Face à la persistance de ces facteurs de risque, les instruments de politique économique susceptibles d’en atténuer les effets ont jusqu’à présent fait défaut. Le retard pris pour l’adoption de la Loi de finances, principal outil d’intervention, a eu des répercussions importantes sur la dynamique économique au premier semestre et qui se prolongeront jusqu’au terme de l’exercice. L’un des aspects les plus importants de ces répercussions concerne l’effort d’investissement public qui n’a pu être pleinement engagé tout au long du premier semestre. Connaissant l’importance des dépenses d’investissement dans la dynamique de demande intérieure, il est fort à parier que le manque à gagner cumulé tout au long du premier semestre au plan de l’activité, des revenus et des échanges ne peut manifestement pas être rattrapé le restant de l’année. La dégradation subite et inattendue de la situation de l’emploi depuis le début de l’année en donne le signe le plus symptomatique. Les dernières données sur l’activité et l’emploi révèlent en effet que le taux de chômage a atteint au premier trimestre 10,7 %, en hausse de 0,3 point par rapport à la même période en 2016. La situation de l’emploi apparait encore plus préoccupante en milieu urbain où le taux de chômage a grimpé au premier trimestre à 15,7 % pour l’ensemble de la population contre 23,2 % pour les jeunes âgés de 25 à 34 ans.
Dans cette conjoncture plutôt hésitante, l’annonce d’une réforme profonde du système de change allant dans le sens d’une plus grande flexibilité de la monnaie nationale constitue, pour les opérateurs soucieux de stabilité, un autre facteur d’inquiétude et ajoute aux fragilités structurelles de l’économie. Cette nouvelle orientation part du constat que le système de change ayant prévalu jusqu’à présent n’est plus tout à fait adapté au nouveau cadre régissant la conduite de la politique économique. L’option stratégique d’intégration financière avec l’ouverture grandissante aux flux financiers internationaux, d’une part, et la recherche d’une plus grande autonomie de la politique monétaire au plan interne, d’autre part, constituent, en effet, deux objectifs qui, théoriquement, s’accommodent difficilement de la fixité du taux de change. La politique de change au Maroc se trouve ainsi dans un tournant aux configurations incertaines qu’il va falloir négocier avec prudence. La flexibilisation du taux de change qui s’avère nécessaire eu égard non seulement aux changements profonds du contexte macroéconomique mais aussi aux ambitions économiques du Maroc sur la scène régionale, n’en comporte par moins des risques au plan interne tant pour les anticipations que les échanges ou le pouvoir d’achat.
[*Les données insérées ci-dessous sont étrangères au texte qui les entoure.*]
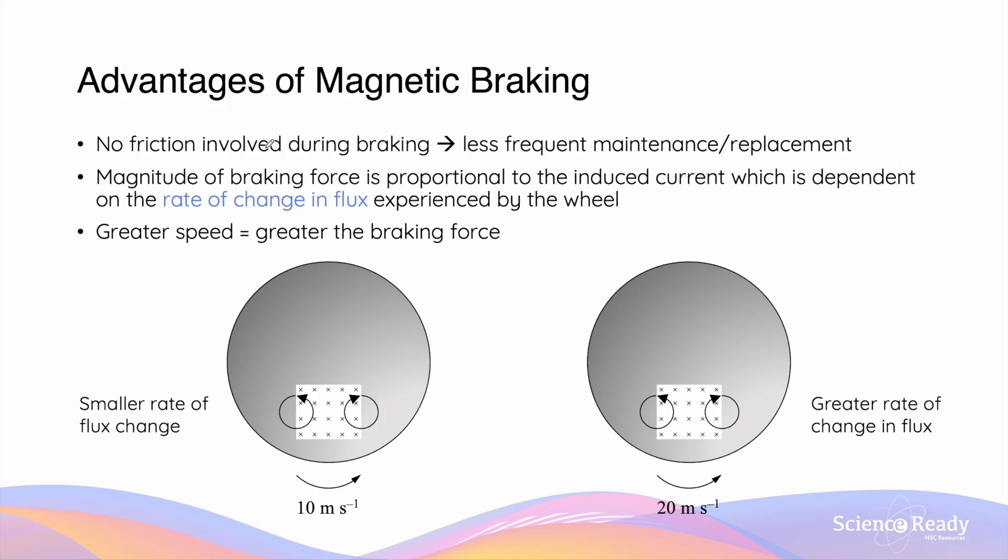There are several advantages of electromagnetic braking over conventional mechanical braking. First, no frictional forces are involved in electromagnetic braking. The braking force is electromagnetic in nature rather than mechanical, which results in less frequent maintenance or replacement of the braking system. Second, by Faraday's law, the magnitude of EMF induced in the wheel is proportional to the rate of flux change, which is determined by the rotational speed of the wheel. The magnitude of braking force is also proportional to the magnitude of the induced current, and the magnitude of the induced current depends on the magnitude of EMF. Together, this means if the wheel has a greater rotational speed, this would result in a larger braking force. The electromagnetic braking system is able to apply a larger braking force and deceleration when the vehicle is travelling at greater speeds.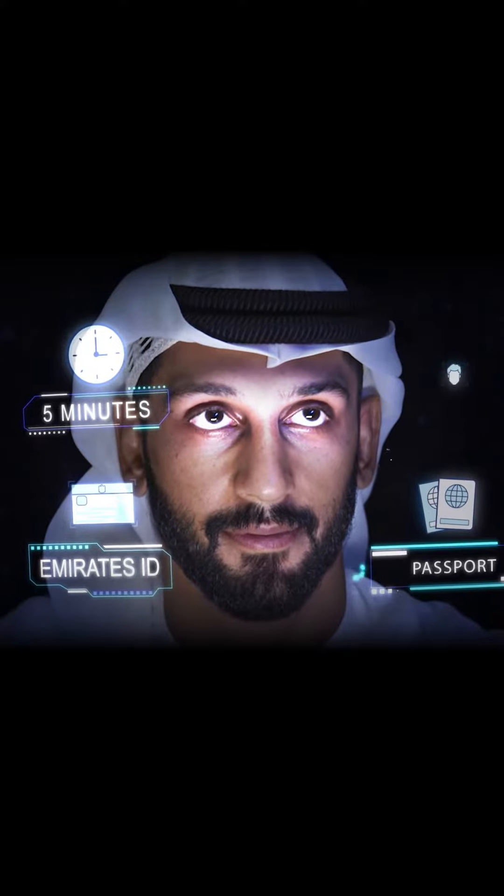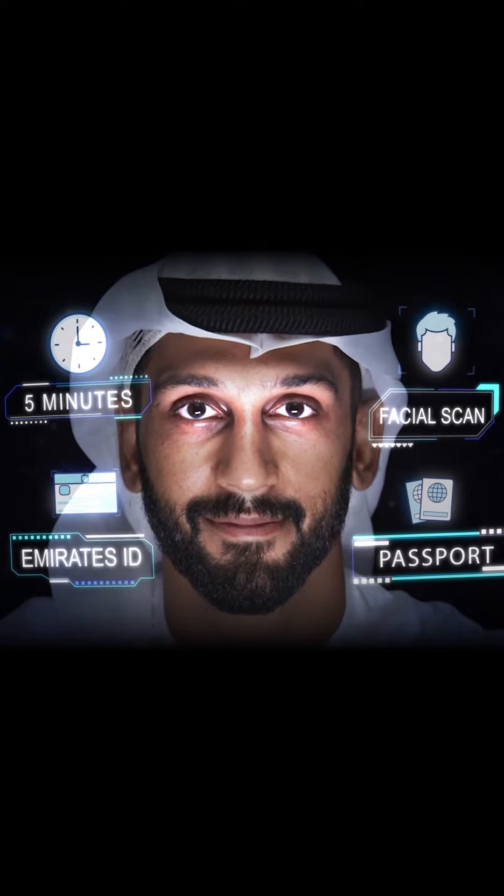Thanks to Digital Innovations, in partnership with the Ministry of Interior, joining Adib is now very simple. You only need 5 spare minutes, your Emirates ID and passport, and yes, your face.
Les entreprises et les investisseurs devront faire face à des coûts supplémentaires liés à l’instabilité des cours de la monnaie alors que les ménages devront, au moins à court terme, supporter plus d’inflation.

2018 et au-delà : Nécessité d’un
redéploiement des instruments
budgétaires dans le cadre d’une
vision de relance pluriannuelle


Au total et malgré les promesses d’une campagne agricole qui s’annonce assez performante, le profil conjoncturel apparaît au terme du premier semestre fort contrasté. La tendance à l’amélioration des équilibres financiers que ce soit au niveau du budget ou au niveau des comptes extérieurs demeure encore fragile et reste, dans une large mesure, subordonnée aux fluctuations externes. S’agissant de la sphère réelle, la faiblesse de la croissance dans les marchés pertinents, la contraction de la demande étrangère et le déficit de compétitivité annoncent une faible contribution des secteurs d’exportation à l’essor de l’activité. Même le recours à la dynamisation des ressorts internes de croissance à travers la politique budgétaire se révèle, pour le restant de l’année, de moindre effet compte tenu du retard pris dans l’adoption du projet de budget.
Dans ce contexte peu favorable, le redressement du rythme de croissance attendu après le creux conjoncturel de l’exercice précédent n’en est réellement pas un, tant il demeure, en l’absence totale de programmation budgétaire pour la moitié de l’exercice, lié presqu’exclusivement au retour à la normale de l’activité agricole. La mise en œuvre des nouvelles dispositions budgétaires sur les six mois à venir, notamment en matière d’investissement, s’avérera vite de faible incidence, vu les délais nécessaires pour les rendre effectives sur le terrain. Le budget 2017 apparaît ainsi comme une programmation conçue pour solder une longue période de stabilisation enclenchée depuis plus de cinq années avec l’aggravation des déficits interne et externe. Il importe par conséquent de se projeter dès à présent au-delà de la perspective annuelle pour entrevoir la sortie de la trappe actuelle et s’inscrire résolument dans une vision pluriannuelle comme le prévoient les nouveaux textes réglementaires. Le budget 2018 devrait être pensé dans le cadre d’une véritable vision de soutien à l’activité et de relance de la dynamique de croissance. Une telle vision constitue l’option la plus indiquée pour insuffler un nouvel élan à l’activité, corriger les déséquilibres actuels et faire face aux risques sous-jacents.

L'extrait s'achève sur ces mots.